Records supplied section start

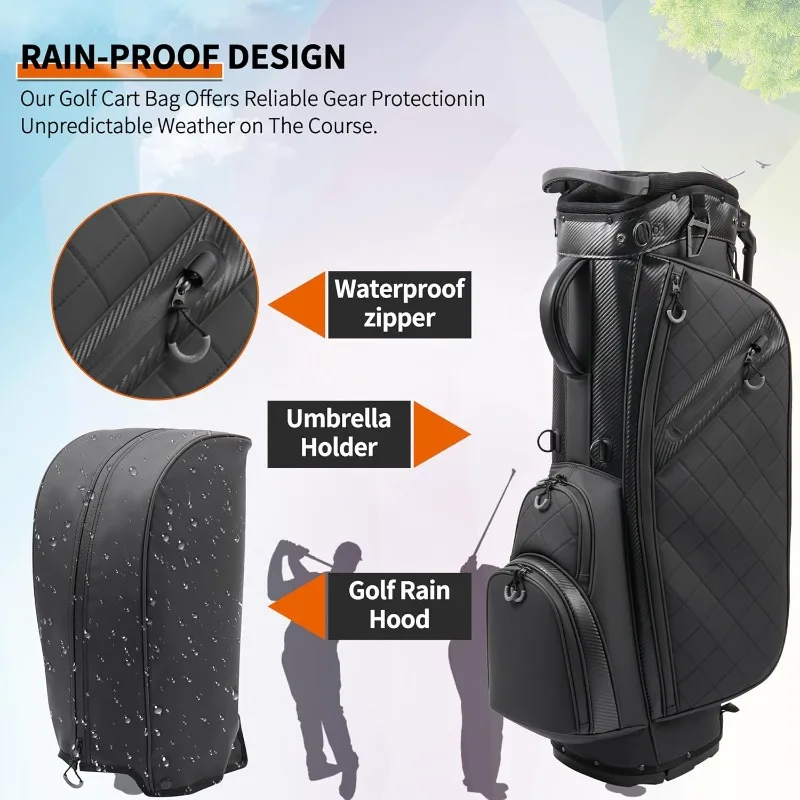 Golf Stand Bag with 14 Way Full Length Dividers - Image 5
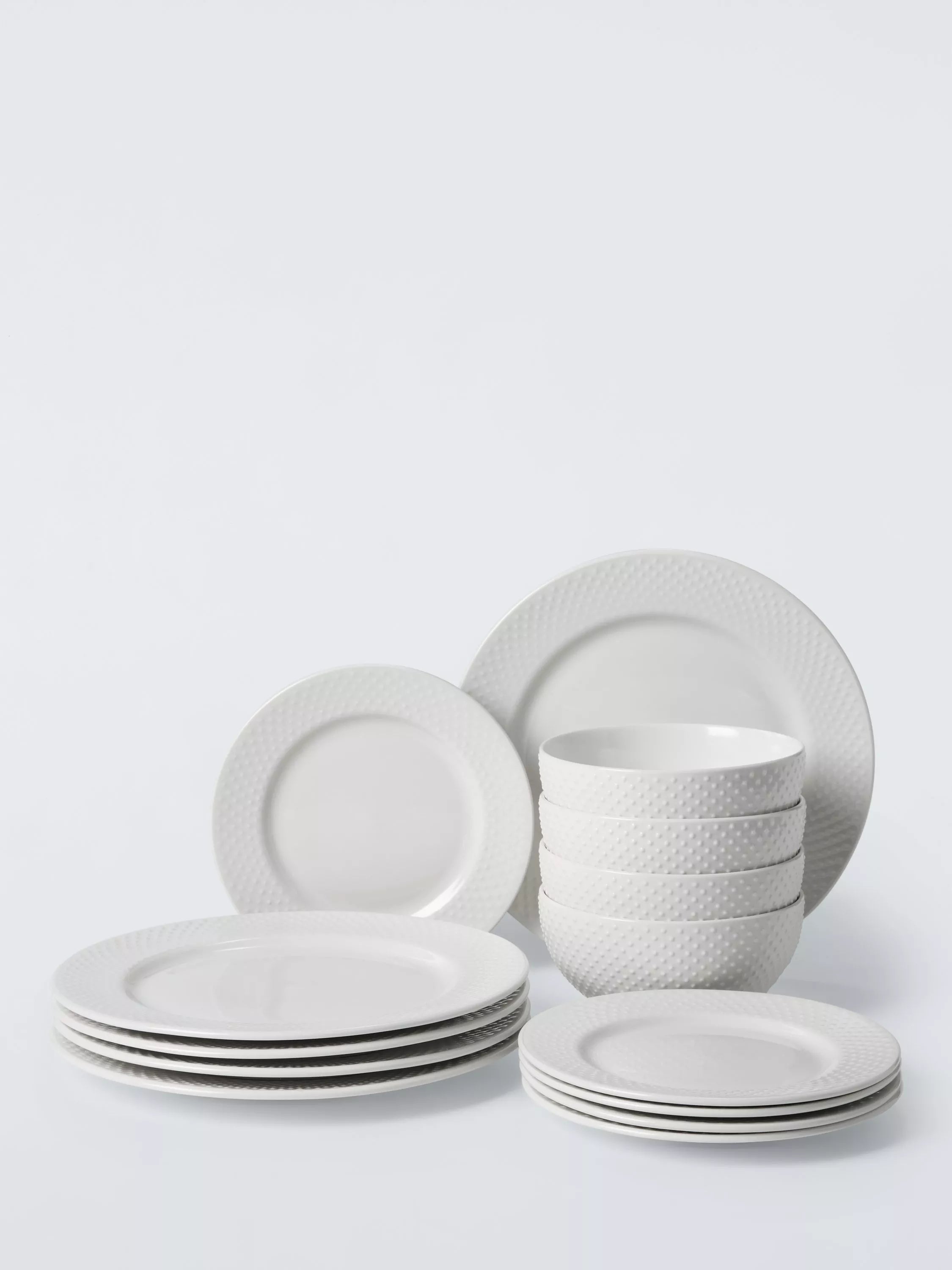John Lewis Dotty 12-piece porcelain dinner set - British product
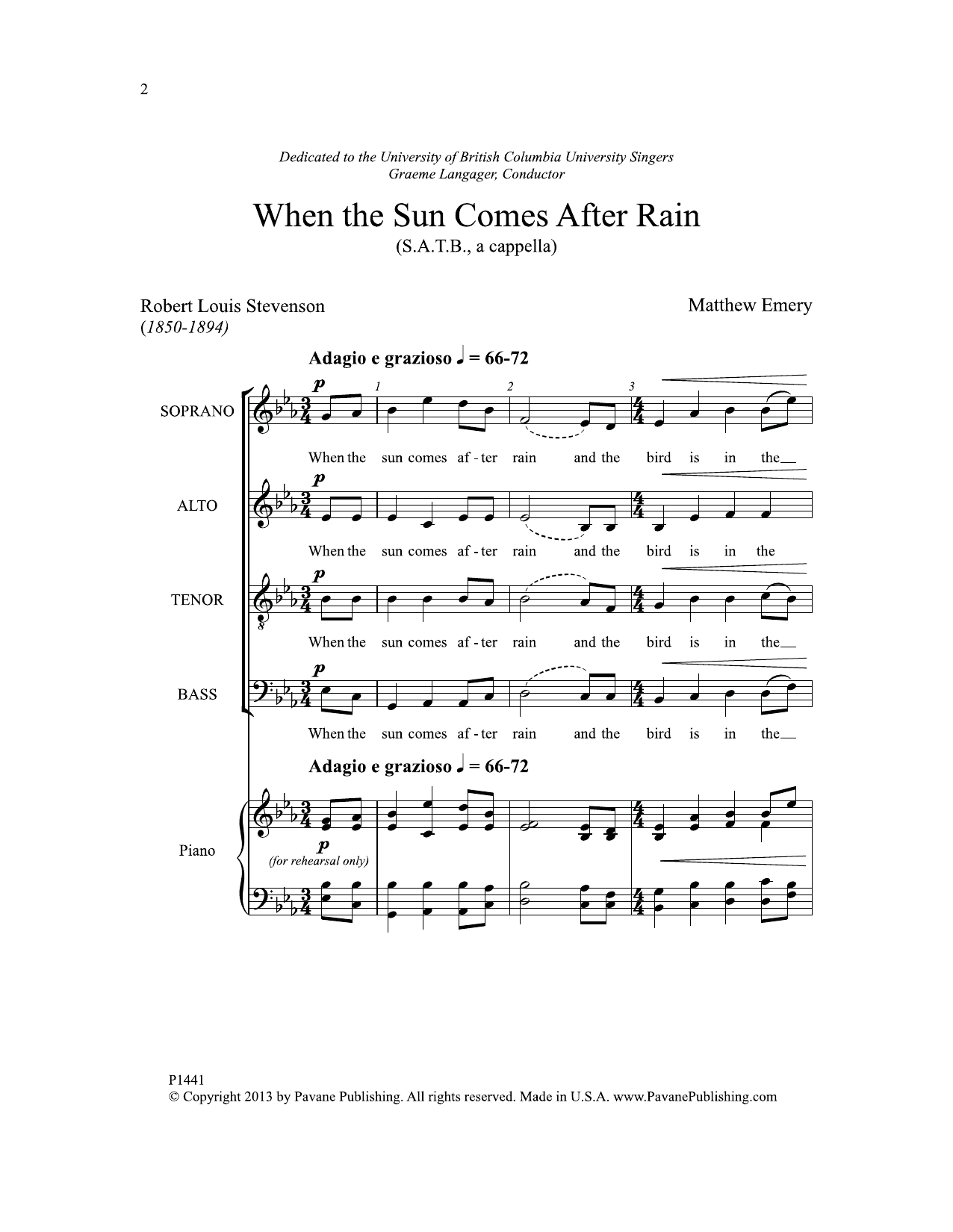 Matthew Emery When the Sun Comes After Rain sheet music notes and chords arranged for SATB Choir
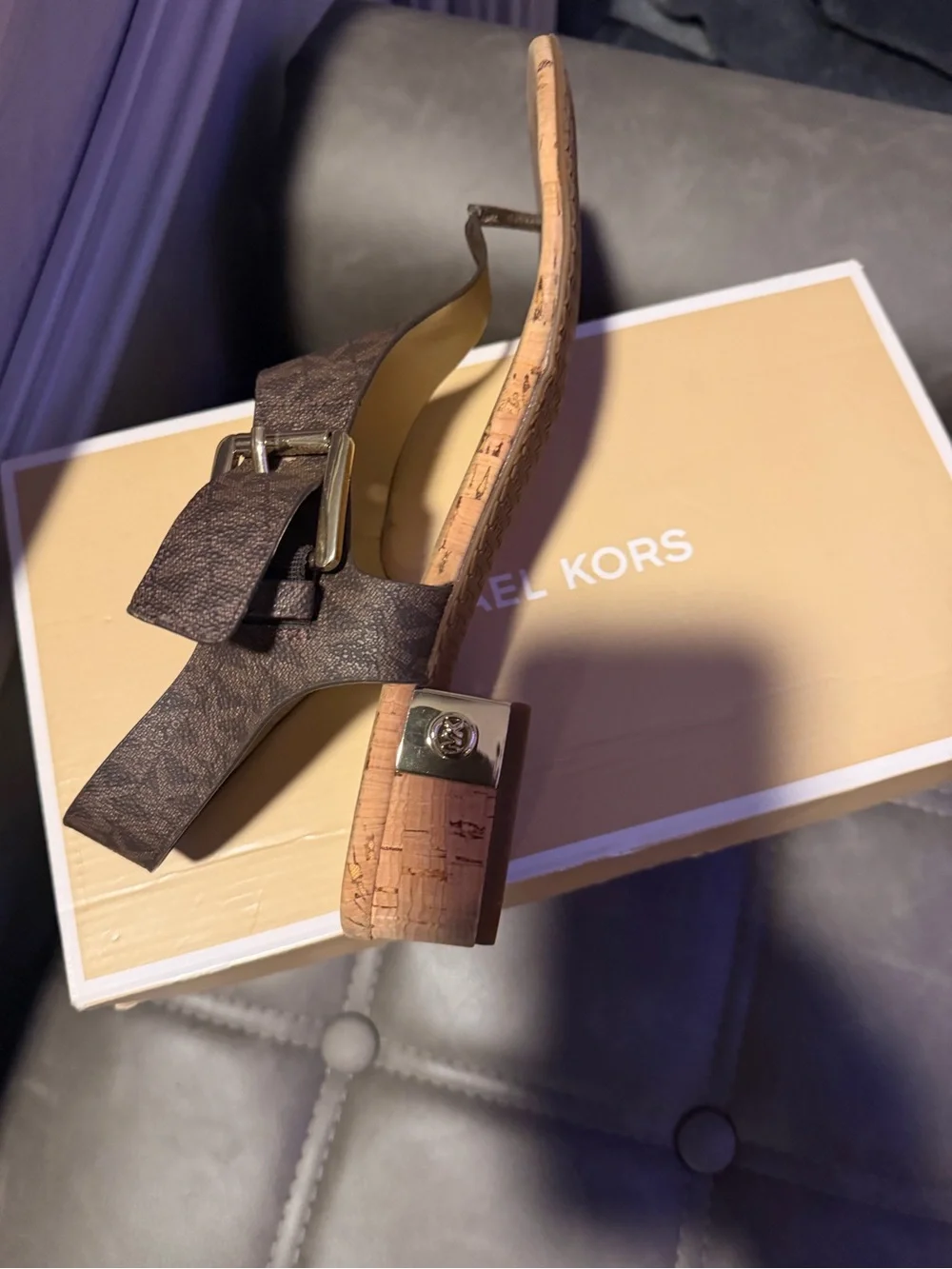Michael Kors Brown Cork Slingback Toe-Loop Sandal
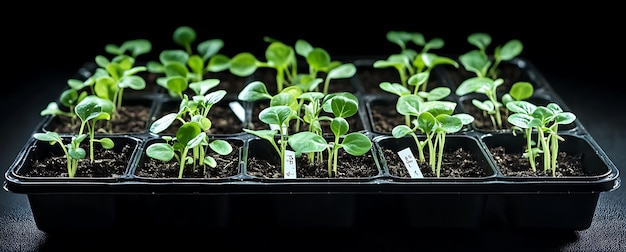 Photo variety of plants in black seed tray on dark background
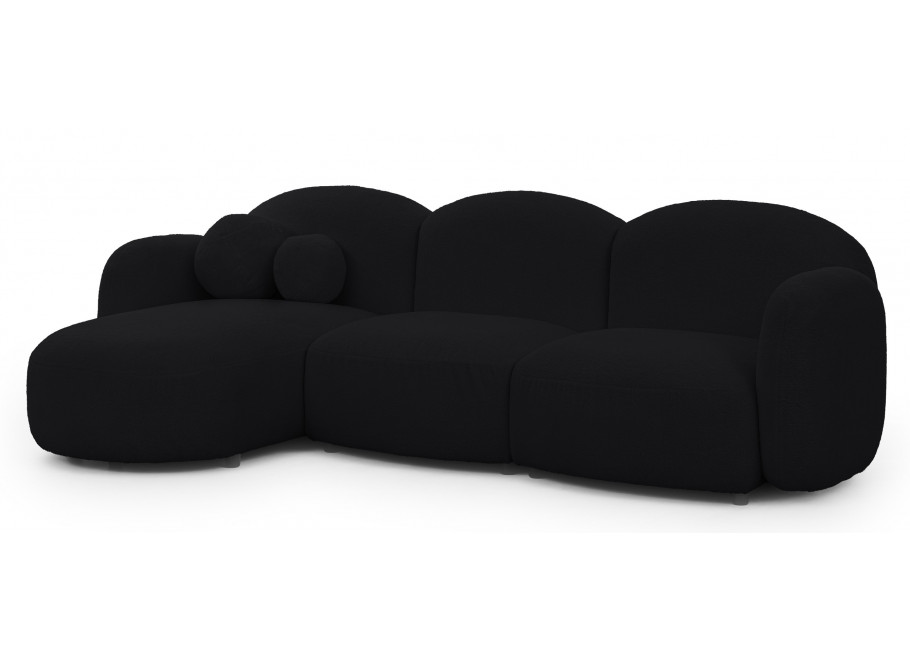Designerski czarny narożnik z ozdobnymi poduszkami Bloop - Quelle 100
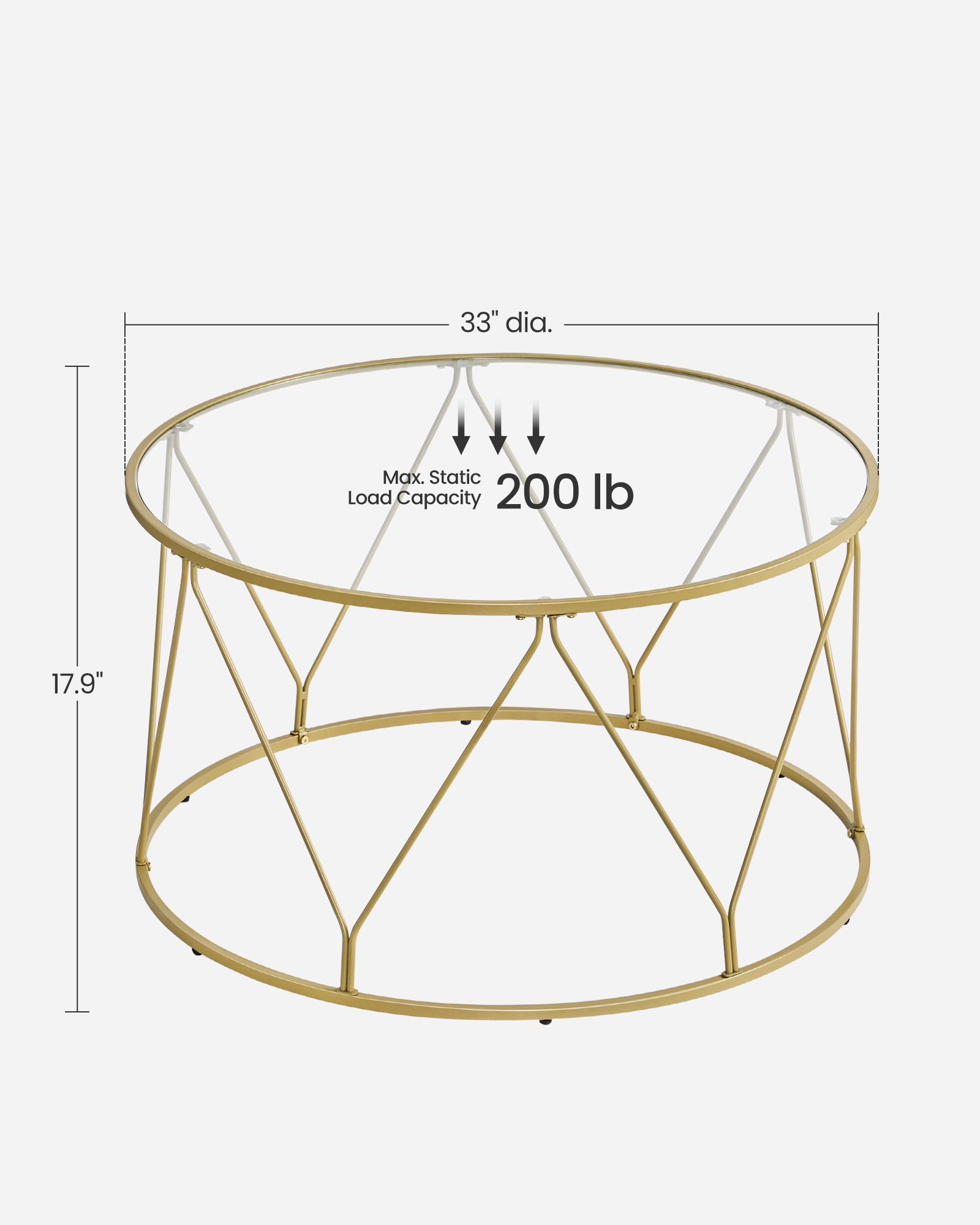 VASAGLE luxury living room tables Tempered Glass Top round Coffee Table with gold metal leg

Records supplied section end

Please extract exactly the lines of the data, from the first through the line containing "Designerski czarny narożnik", and add no pictures to the copy.

 Golf Stand Bag with 14 Way Full Length Dividers - Image 5
John Lewis Dotty 12-piece porcelain dinner set - British product
 Matthew Emery When the Sun Comes After Rain sheet music notes and chords arranged for SATB Choir
Michael Kors Brown Cork Slingback Toe-Loop Sandal
 Photo variety of plants in black seed tray on dark background
Designerski czarny narożnik z ozdobnymi poduszkami Bloop - Quelle 100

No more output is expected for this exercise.